For the output extraction from nvstreammux, I followed this example.

Because my pipeline uses nvdspreprocess for preprocessing, I rebuilt both libnvdsgst_preprocess.so and libcustom2d_preprocess.so with DEBUG_LIB and DEBUG_TENSOR flags enabled. This would save impl_out_batch_xxx.bin file. When I checked the size, it wasn’t right.

tensor = np.fromfile('xxx/tensorout_batch_0.bin')
tensor.shape
<<< (992256,)

my network takes width = 1088, height = 608, so here the tensor shape should be 1088 x 608 x 3=1984512. How can we investigate the output from nvdspreprocess when these 2 flags are enabled?

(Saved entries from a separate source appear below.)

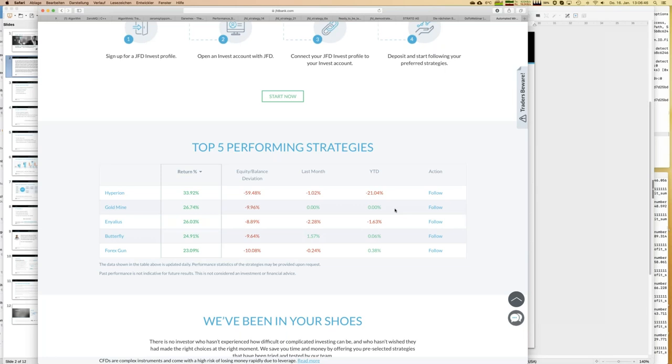Today is the 16th of January, so year-to-date figures aren't very meaningful yet. But as I mentioned, Hyperion has some problems and we can already see that in the year-to-date result.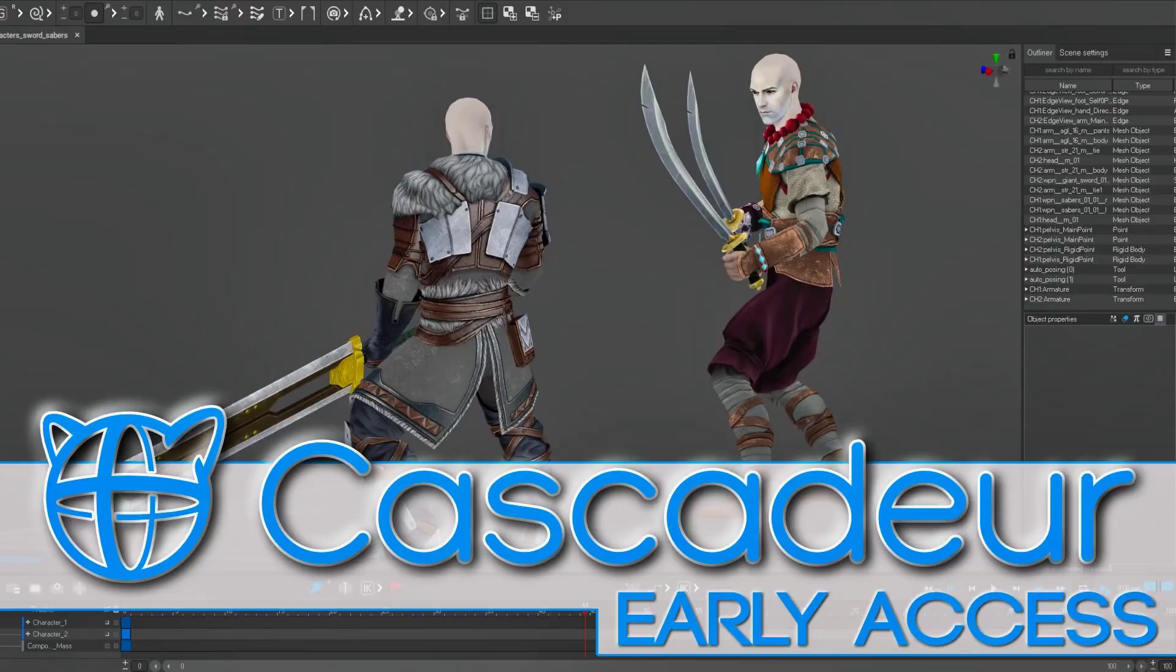Hello ladies and gentlemen, it's Mike here at Games From Scratch, and today I guess is Early Access Day. Earlier in the day we had the story about Unreal or Epic Games' metahumans going into Early Access, and this afternoon we have Cascadeur, a 3D animation software for physics-based character animation. It is now in Early Access.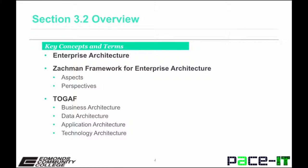TOGAF was originally designed to support the technology architecture. Over its years of evolution, however, it has acquired many of the facets of a framework and method for enterprise architecture.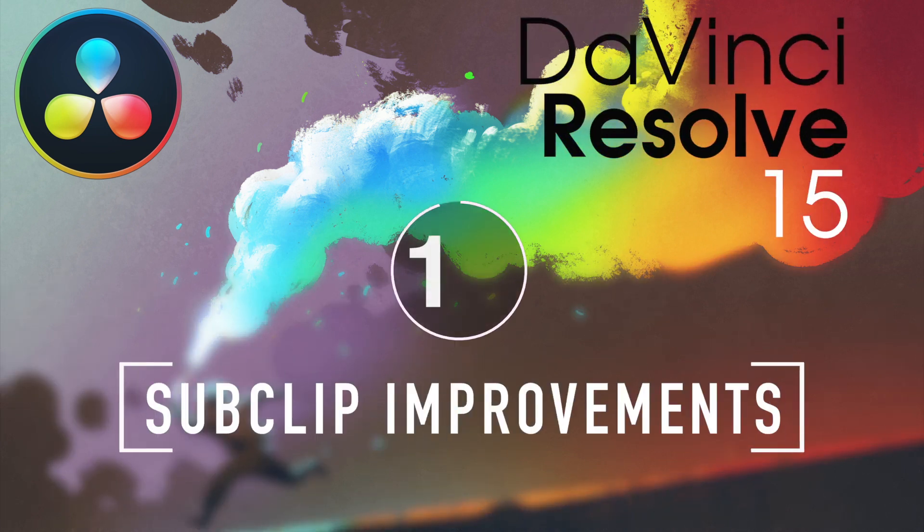I'm Alexis Van Herkman and welcome to Resolve in a Rush, where you'll learn DaVinci Resolve grading and finishing techniques in under five minutes.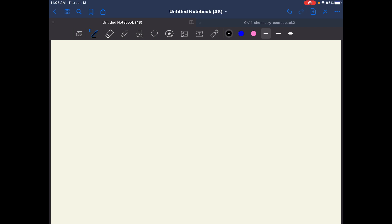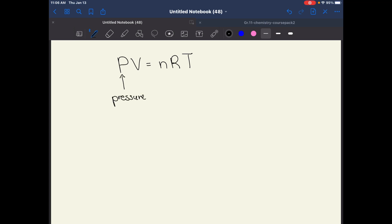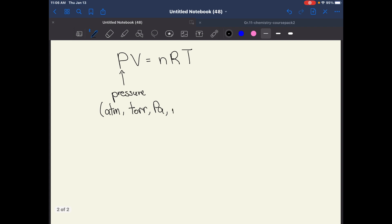So the ideal gas law is put together based on all of these theories. Here it is: PV = nRT. This is the ideal gas law based on what Boyle, Charles, Avogadro, and Kelvin said. P is your pressure, and this pressure can be in many different units — there's atmosphere, there's torr, there's kilopascal, there's also mmHg, which is actually pretty popular.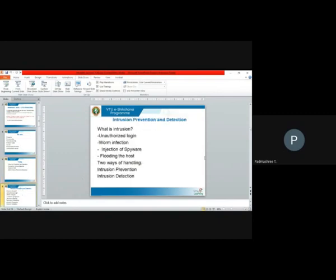Let us start with today's session — intrusion prevention and detection. What is intrusion? Everybody would have heard this term. Intrusion means an intruder entering into an area where he is not authorized to enter. An intruder is an unknown or unauthorized person trying to gain entry into a zone where he is not supposed to enter. This generally happens — for example, we have security at an apartment gateway who checks who belongs to the apartment and who is entering or leaving.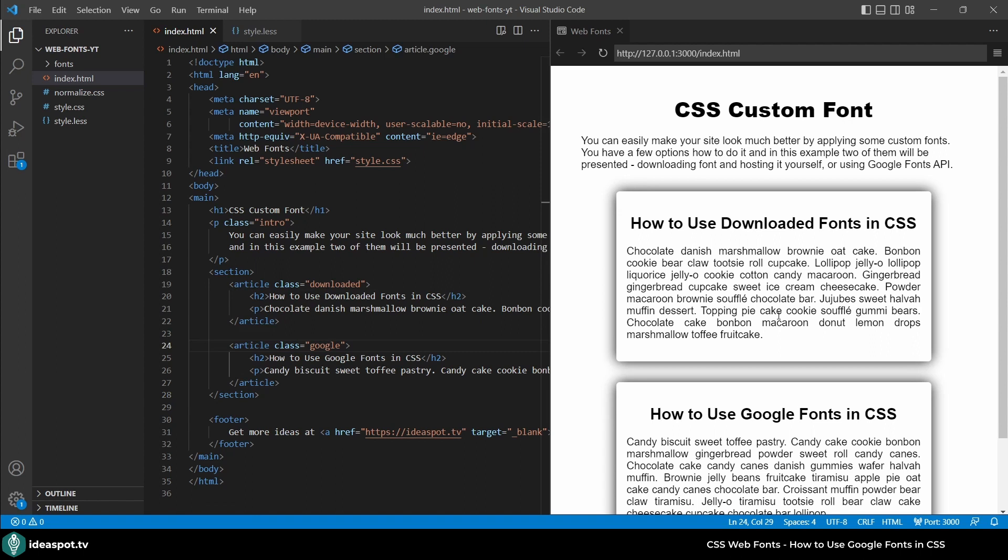I have two cards because I want to show you two ways how you can import web fonts. The first one is using downloaded fonts that you first need to find and download to your hosting and then just use in CSS. The second one will be using Google Fonts API so I will show you both ways.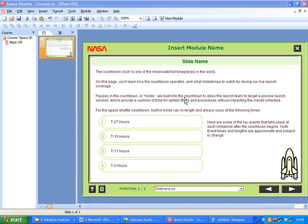What we're going to do now is add another slide, give it a name and then add a movie to the slide.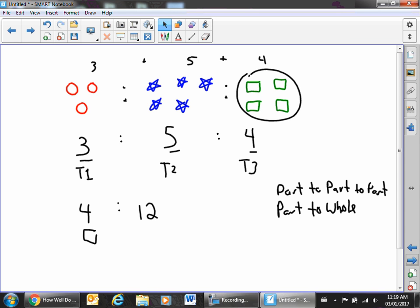This is just a simple review to remind you of term one and term two, the difference between part-to-whole and part-to-part, and the difference between a two-term and a three-term ratio.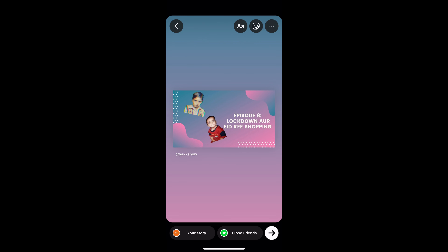So those are two options that can help you repost Instagram posts. Please like, subscribe, and share.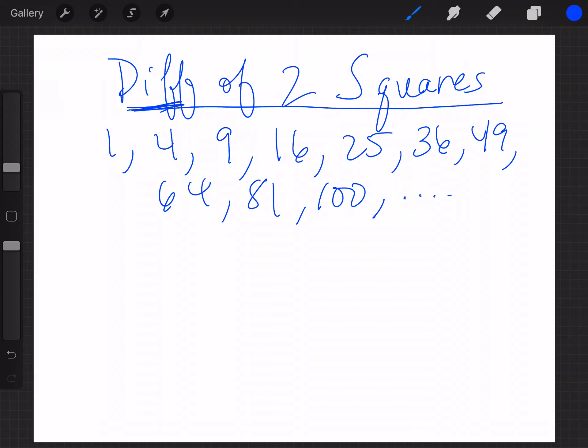Difference means it's got to have a subtraction sign — of two, meaning you're going to have two terms with a minus in the middle, and both spots have to be filled with something that's a perfect square, either a number or a variable that's squared.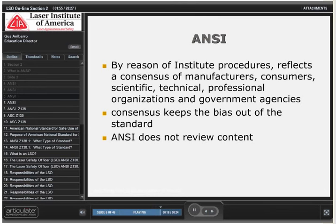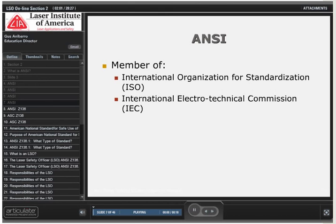ANSI does not review content. Any content that is reviewed is done by the consensus committees. The ANSI standards apply to users here in the United States. However, ANSI is a member of the International Organization for Standardization, otherwise known as ISO, and the International Electrotechnical Commission, IEC for short.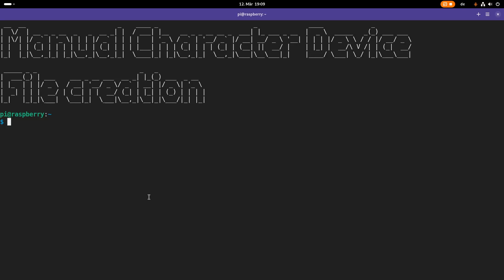Welcome to an episode of my Linux driver tutorials. In my previous videos when using a character device, I used one function which reserved a range of device numbers and also created the character device. But in today's video I want to show you how to do this manually without this function. The reason is that in later videos, where I will show you how your kernel module actually creates your device file, these functions will also be used, so it makes sense to discuss them here in this separate video.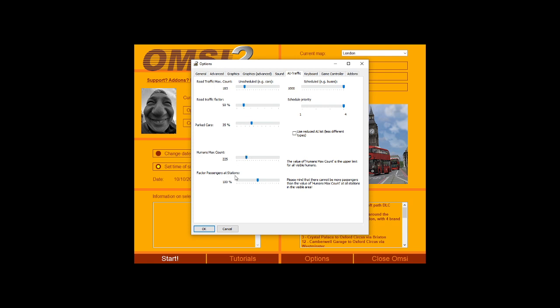Human max count can be set to 500 as recommended, but I have mine at 141. Factor passengers for stations should be 100% - turning this down will make it less realistic. For schedule priority, the AI buses are well optimized, but if you're experiencing lag you want to turn down the scheduled AI buses and your schedule priority.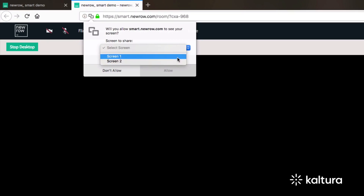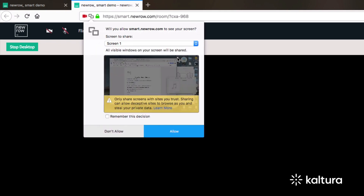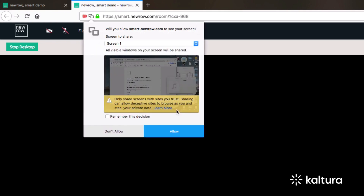If you have one screen, just select the Entire Screen option. The Allow button is now enabled — click Allow.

After my failed attempt, I then tried to verify the input of pgie instead since it should be the same as the output of nvdspreprocess. I followed this suggestion. I applied the patch file but for the image saving, I applied the change in queueInputBatchPreprocessed instead of queueInputBatch since the preprocessing in pgie is disabled in favor of nvdspreprocess. The snippet in this function looks as follows

#ifdef DUMP_INPUT_TO_FILE
#define DUMP_FRAME_CNT_START (0)
#define DUMP_FRAME_CNT_STOP (10)
    if ((m_FrameCnt++ >= DUMP_FRAME_CNT_START) &&
        (m_FrameCnt <= DUMP_FRAME_CNT_STOP))
    {
        void *hBuffer;

        printf("batchDims.batchSize = %d\n", batchSize);
        assert(m_AllLayerInfo.size());
        for (size_t i = 0; i < m_AllLayerInfo.size(); i++)
        {
            NvDsInferLayerInfo &info = m_AllLayerInfo[i];
            assert(info.inferDims.numElements > 0);

            if (info.isInput)
            {
                int sizePerBatch =
                    getElementSize(info.dataType) * info.inferDims.numElements;

                cudaDeviceSynchronize();

                for (int b = 0; b < batchSize; b++)
                {
                    float *indBuf =
                        (float *)bindings[i] + b * info.inferDims.numElements;
                    int w = info.inferDims.d[2];
                    int h = info.inferDims.d[1];

                    printf("width = %d, height = %d\n", w, h);
                    printf("sizePerBatch: %d, inferDims.numElements = %u\n", sizePerBatch, info.inferDims.numElements);


                    // if (scale < 1.0)
                    // {
                    //     // R or B
                    //     NvDsInferConvert_FtFTensor(
                    //         (float *)m_inputDumpDeviceBuf,
                    //         indBuf, w, h, w, 1 / scale, NULL, NULL);
                    //     // G
                    //     NvDsInferConvert_FtFTensor(
                    //         ((float *)m_inputDumpDeviceBuf + w * h),
                    //         ((float *)indBuf + w * h),
                    //         w, h, w, 1 / scale, NULL, NULL);
                    //     // B or R
                    //     NvDsInferConvert_FtFTensor(
                    //         ((float *)m_inputDumpDeviceBuf + 2 * w * h),
                    //         ((float *)indBuf + 2 * w * h),
                    //         w, h, w, 1 / scale, NULL, NULL);
                    //     indBuf = (float *)m_inputDumpDeviceBuf;
                    // }

                    RETURN_CUDA_ERR(
                        cudaMemcpy(m_inputDumpHostBuf, (void *)indBuf, sizePerBatch,
                                   cudaMemcpyDeviceToHost),
                        "postprocessing cudaMemcpyAsync for output buffers failed");

                    bool dumpToRaw = false;

                    std::string filename =
                        "gie-" + std::to_string(m_UniqueID) +
                        "_input-" + std::to_string(i) +
                        "_batch-" + std::to_string(b) +
                        "_frame-" + std::to_string(m_FrameCnt);

                    if (dumpToRaw)
                        filename += ".raw";
                    else
                        filename += ".png";

                    NvDsInferFormat format = NvDsInferFormat_RGB;
                    dump_to_file(filename.c_str(),
                                 (unsigned char *)m_inputDumpHostBuf, sizePerBatch,
                                 w, h, dumpToRaw, format);
                }
            }
        }
    }
#endif

files are saved and the shape is correct but everything is black. It doesn’t seem right to me.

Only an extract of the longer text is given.